═════ Records to process ═════
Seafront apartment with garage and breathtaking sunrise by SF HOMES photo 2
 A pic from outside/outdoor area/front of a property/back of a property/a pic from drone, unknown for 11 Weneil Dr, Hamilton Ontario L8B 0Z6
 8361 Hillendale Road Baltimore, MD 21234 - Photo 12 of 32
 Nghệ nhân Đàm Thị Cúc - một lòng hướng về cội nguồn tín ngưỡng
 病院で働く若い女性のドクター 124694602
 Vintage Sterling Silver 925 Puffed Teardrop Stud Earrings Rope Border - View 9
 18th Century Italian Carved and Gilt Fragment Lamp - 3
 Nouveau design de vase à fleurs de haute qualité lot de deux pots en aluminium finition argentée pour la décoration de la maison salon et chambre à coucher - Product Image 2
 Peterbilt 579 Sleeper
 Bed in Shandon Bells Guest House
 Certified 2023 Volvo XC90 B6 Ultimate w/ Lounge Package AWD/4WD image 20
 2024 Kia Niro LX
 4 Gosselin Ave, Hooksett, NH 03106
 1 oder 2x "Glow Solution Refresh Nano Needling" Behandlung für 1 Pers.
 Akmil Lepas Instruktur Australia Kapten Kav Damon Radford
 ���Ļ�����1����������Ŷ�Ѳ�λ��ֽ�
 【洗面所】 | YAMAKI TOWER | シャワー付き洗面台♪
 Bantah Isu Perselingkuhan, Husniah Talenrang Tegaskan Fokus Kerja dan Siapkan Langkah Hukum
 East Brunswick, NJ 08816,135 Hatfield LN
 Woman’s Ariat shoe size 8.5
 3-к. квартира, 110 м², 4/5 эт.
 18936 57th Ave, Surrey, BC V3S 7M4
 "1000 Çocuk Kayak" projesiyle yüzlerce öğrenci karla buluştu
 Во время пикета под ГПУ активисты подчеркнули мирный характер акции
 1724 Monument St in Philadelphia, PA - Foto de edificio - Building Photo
═════
[Exercise requirements]:
Print only these lines, exactly: the one containing "Во время пикета" and all after it to the end of the entries.

[Your response]:
 Во время пикета под ГПУ активисты подчеркнули мирный характер акции
 1724 Monument St in Philadelphia, PA - Foto de edificio - Building Photo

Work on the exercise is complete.